# Hello, everyone.



## baileshe (Jan 31, 2016)

I already posted in the women's forum but figured I'd do so here to make it official. 

At the tender young age of 39 (I am now almost 41), I returned to the study of Northern Shaolin after a more than 15-year hiatus from the art. Prior to abandoning my training in my early 20s I studied the art quite seriously for only 2-3 years, so I am very much a novice. I am so excited to be back practicing and learning! I am in the guan 4-5 times per week, 2-4 hours at a go; and am preparing for my first-ever full-contact sparring competition which will happen in November of this year (I may do one or two smaller regional tournaments beforehand to get my feet wet, we'll see).

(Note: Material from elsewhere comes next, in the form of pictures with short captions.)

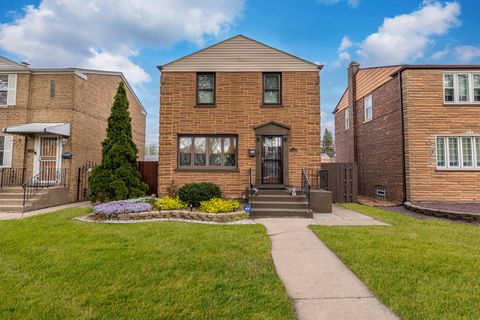 Photo of 5113 S Mayfield Avenue, Chicago, IL 60638 (MLS # 12627690)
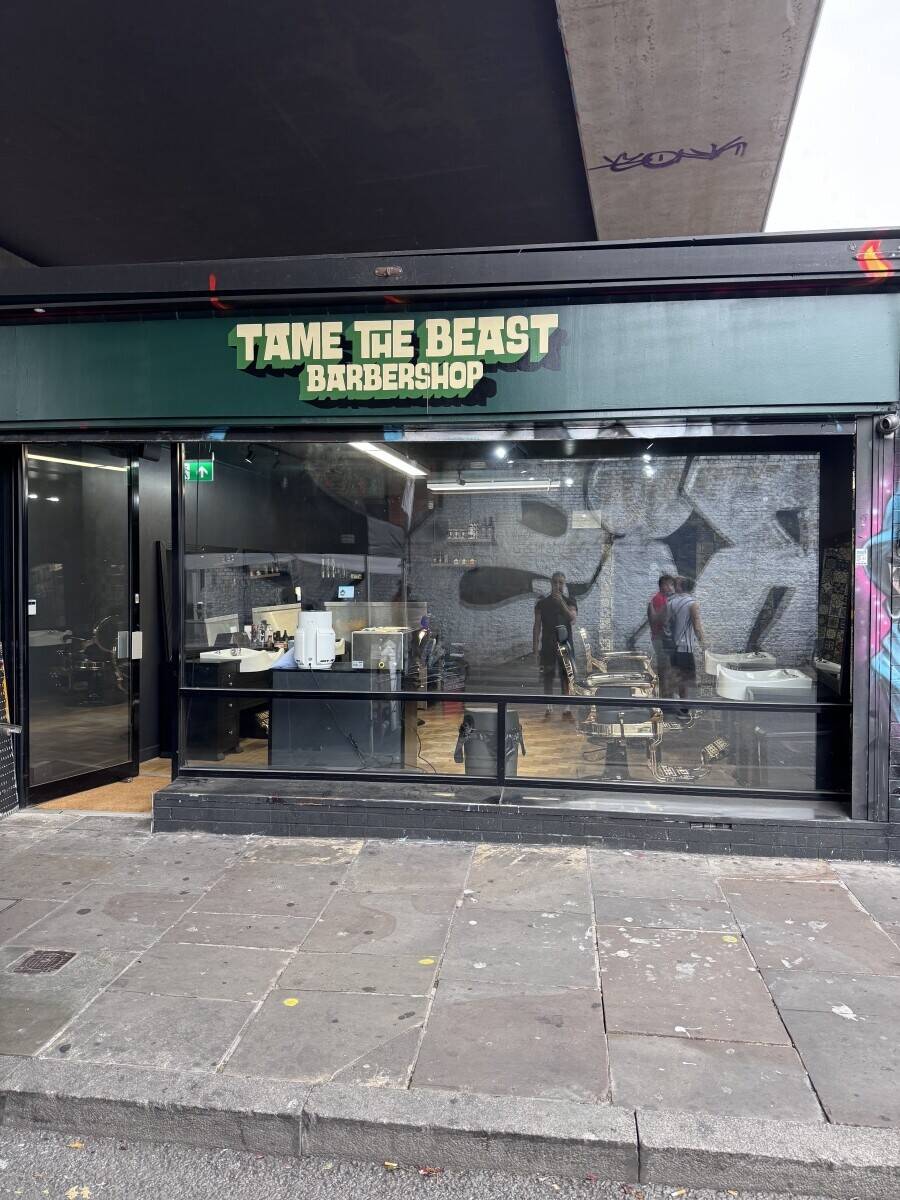 Shop/barbers/retail space for sale in bricklane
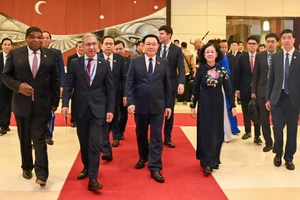 Chủ tịch Quốc hội Vương Đình Huệ, Chủ tịch Liên minh Nghị viện Thế giới Duarte Pacheco cùng các đại biểu dự lễ khai mạc.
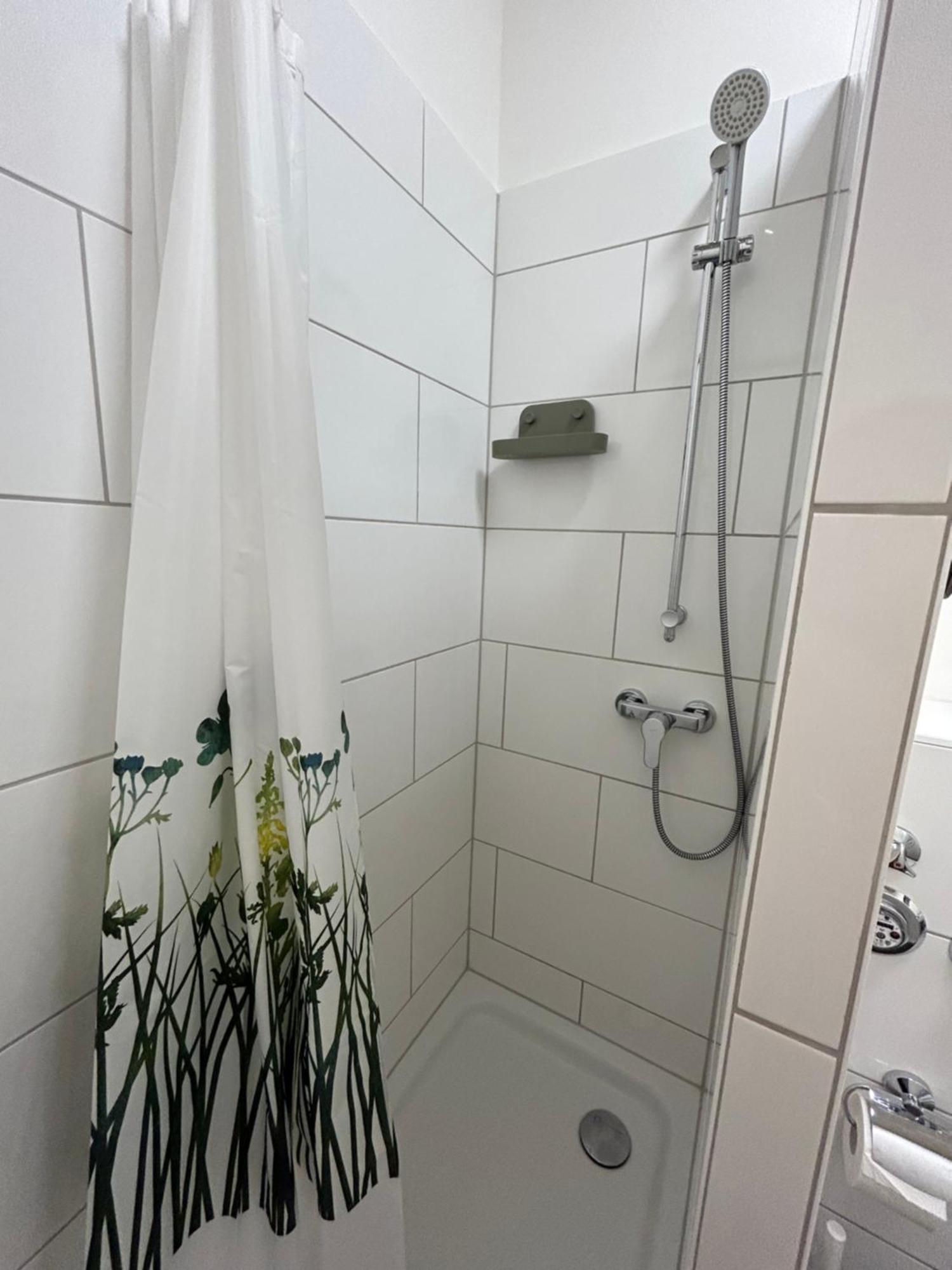 35 Qm Grosses Apartment Mit Eigenem Badezimmer In Den Elbvororten ハンブルク エクステリア 写真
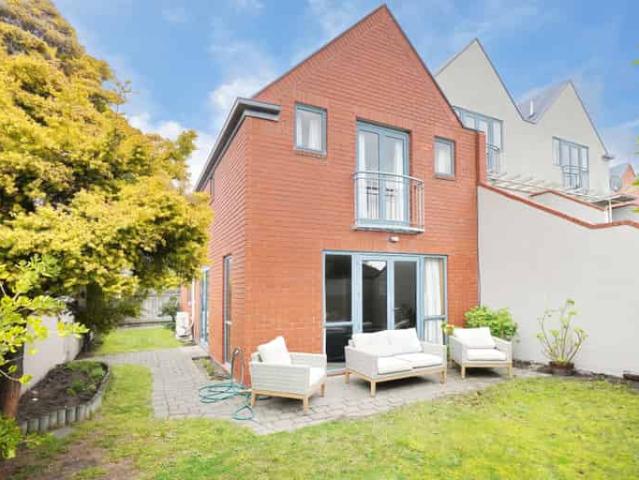 House for rent in Chaslands, Canterbury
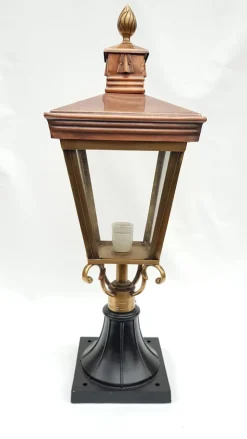Clearance Pamono Antique Victorian Classic Copper Pillar Lamp Lantern on Base Outdoor Lamp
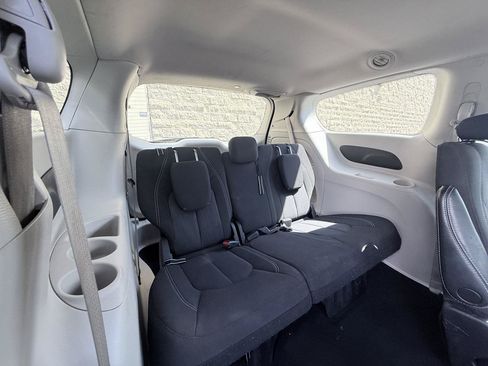 Used 2023 Chrysler Voyager LX FWD image 13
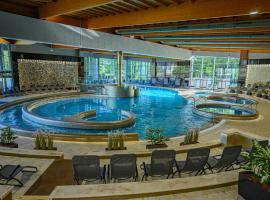 Hotel Azur Siofok, hotell i Siófok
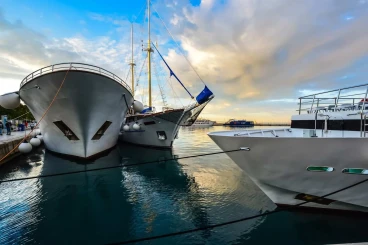 Gay Gruppenreise: Nude Sailing Dubrovnik, Brac, Split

Getting back into it was like riding a bike: a rusty, creaky bike with square wheels, but riding a bike nonetheless. 

I don't know how much I will post here as I am extremely busy: in addition to my rather intense MA training, I am an ADAPT-certified parkour coach and own my own parkour training company, a full-time high school French teacher, and a retired ballet dancer on faculty at the school attached to the company I used to perform with. But I am happy to lurk and read and learn from all the great experience gathered here. 

So, um... hi, I guess.


----------



## Bill Mattocks (Jan 31, 2016)

Welcome to MT!  Feel free to come and go as you need to.  We just like to chat and we're always happy to hear other points of view and experiences.  Sounds like you have a lot you could share if you wish.


----------



## Transk53 (Jan 31, 2016)

Welcome along. Parkour? Please take time if you have, and start a thread. Would love to hear how Parkour has influenced film stunt work.


----------



## donald1 (Jan 31, 2016)

Hello.


----------



## Tony Dismukes (Jan 31, 2016)

Welcome to MartialTalk!


----------



## Jenna (Feb 1, 2016)

baileshe said:


> I already posted in the women's forum but figured I'd do so here to make it official.
> 
> At the tender young age of 39 (I am now almost 41), I returned to the study of Northern Shaolin after a more than 15-year hiatus from the art. Prior to abandoning my training in my early 20s I studied the art quite seriously for only 2-3 years, so I am very much a novice. I am so excited to be back practicing and learning! I am in the guan 4-5 times per week, 2-4 hours at a go; and am preparing for my first-ever full-contact sparring competition which will happen in November of this year (I may do one or two smaller regional tournaments beforehand to get my feet wet, we'll see). Getting back into it was like riding a bike: a rusty, creaky bike with square wheels, but riding a bike nonetheless.
> 
> ...


Wow it is lovely to have you aboard.. hey do you really train others in parkour? That is fantastic, you must have videos up, right? Good to have you here x


----------



## baileshe (Feb 1, 2016)

Thank you for the kind welcome everyone. I'm flattered by the interest in parkour. I'd be happy to start a thread at some point (where to put it?); as to videos, I don't have much. I'm not much of a video person and usually when I am out training I don't think to turn on the camera. That's not really why I do it so making videos is the last thing on my mind until someone asks, and then I think, "Oh yeah, I should make a video," but then I forget...


----------



## GiYu - Todd (Feb 1, 2016)

Welcome. 

I, too, returned to training at 39, after a multi-decade break.  I'm 45 now, and doing quite well at it, despite having a few of the standard aging issues keeping me from growing as fast as I'd like.

Good luck.


----------



## SahBumNimRush (Feb 2, 2016)

Greetings and welcome to MT!


----------



## Brian R. VanCise (Feb 2, 2016)

Welcome to MartialTalk!


----------



## Junbu (Feb 3, 2016)

Just want to say hi I'm the new guy


----------



## Transk53 (Feb 3, 2016)

Junbu said:


> Just want to say hi I'm the new guy



Welcome along! Best start you're own thread


----------



## Junbu (Feb 3, 2016)

Thank you I love to talk martial science I train in Michigan
And love sword and all that's built around it   Member of MSI


----------



## oftheherd1 (Feb 17, 2016)

Welcome to MT baileshe, and Junbu.  Hope to hear more from both of you.


----------



## Rich Parsons (Feb 18, 2016)

Welcome and Hello !


----------



## sfs982000 (Feb 27, 2016)

Welcome to the forums!


----------



## Buka (Feb 28, 2016)

Welcome aboard to all the new folks. Hope you enjoy the place!


----------